Монтескье черпал теоретический материал из истории английской конституционной монархии, как, впрочем, и Вольтер, воздавший хвалу английской парламентской системе в «Философских письмах». И трактат «О духе законов», и «Философские письма» по требованию церкви были во Франции внесены в Index librorum prohibitorum[312]
.У просвещенных философов было не слишком много почитателей. Они составляли городскую интеллектуальную элиту, жившую по большей части в Париже и его окрестностях и искавшую богатых покровителей и покровительниц. Их взгляды разделяла лишь небольшая часть богатой верхушки общества. У простых же людей в XVIII веке были другие занятия, нежели изучать сложные теоретические размышления о человеке и его положении в мире.
Как и представители дворянства, философы выступали за свободу, но не за равенство. Свобода была напрямую связана с собственностью, и просвещенные философы, такие как Дидро, Гольбах и Гельвеций, утверждали, что «равноправие в обществе» не может быть одинаковым для всех. На самом деле, по мнению Гольбаха, экономическая «уравниловка» была откровенно опасна, поскольку она «нанесет непоправимый ущерб и даже уничтожит республику». Гельвеций называл «полное равенство» une injustice veritable[313]
. Да и в целом просвещенные философы считали равенство условностью, а демократическое общество – «вредным для крупных государств». Таким образом, Монтескье предупреждал своих читателей, что резкие политические или социальные перемены могут привести к потере правительством какого бы то ни было контроля. Вольтер питал отвращение к деспотизму, но считал полезным сохранить существующий порядок. «Некоронованный король Европы» не желал, чтобы им управлял «народ», который он называет la canaille[314] и заявлял, что девять из десяти неграмотных обывателей не нуждаются в просвещении, более того, «они его не заслуживают». Равенство для него – вещь самоочевидная, но в то же время «самая недостижимая». Например, Вольтера не волнует, умеют ли крестьяне читать, ведь «им все равно хватает работы на земле».Благодаря союзу между gens de lettres[315]

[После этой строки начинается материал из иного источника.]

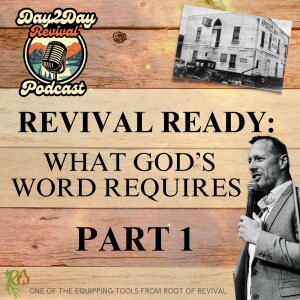 Revival Ready: What God’s Word Requires - Part 1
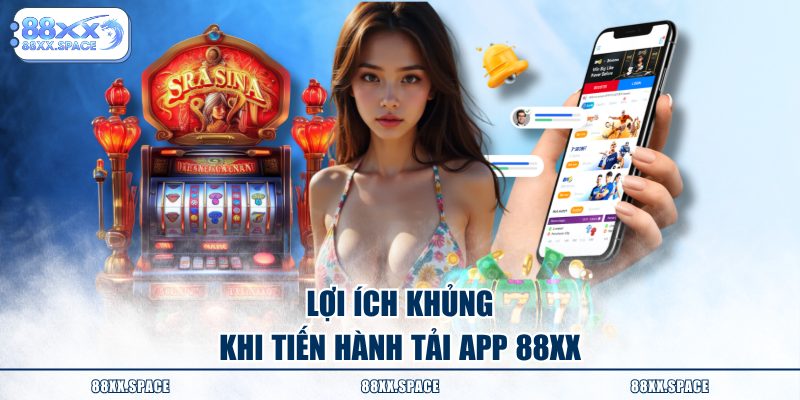 Lợi ích khủng khi tiến hành tải app 88XX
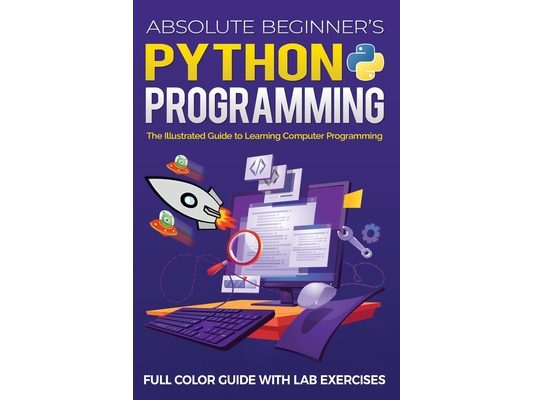 Absolute Beginner's Python Programming Full Color Guide with Lab Exercises: The Illustrated Guide to Learning Computer Programming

и gens du monde[316] начиная со второй половины XVIII века философы стали желанными гостями в литературных салонах Парижа. Мадам Дюдеффан, мадемуазель де Леспинас, мадам д’Удето, мадам де Неккер, мадам де Тансен и мадам де Жоффрен – все они соперничали за то, чтобы привести самых интересных и влиятельных писателей и философов в свой салон, где они могли бы свободно обмениваться идеями с другими гостями. Каждую неделю в одном из парижских салонов собирались люди, и только самые влиятельные или популярные могли попасть в любой салон в любой вечер недели. После 1770 года из закрытых общественных и культурных еженедельных мероприятий салоны превратились в политические собрания, на которых обсуждались идеи Просвещения.Постоянным гостем в салоне мадам де Жоффрен был Дени Дидро. Он родился в 1713 году в Лангре, что к северу от города Дижон, в семье кузнеца. Сначала Дидро изучал теологию и переехал в Париж, планируя изучать право в Сорбонне, но вскоре бросил учебу. Он с трудом сводил концы с концами, подрабатывая переводчиком, и одновременно писал статьи для журнала Mercure de France. Его первую оригинальную работу, «Философские размышления» (Pensées philosophiques), опубликованную в 1746 году, церковь отправила прямиком в костер – что мгновенно принесло ему популярность в обществе. Второе сочинение, «Письмо о слепых, предназначенное зрячим» (Lettre sur les aveugles d l’usage de ceux qui voient), в котором Дидро рассуждал о разуме, вызвало у комитета по цензуре такое негодование, что философ почти мгновенно оказался в трехмесячном заключении. Естественно, Дени Дидро стал знаменитостью.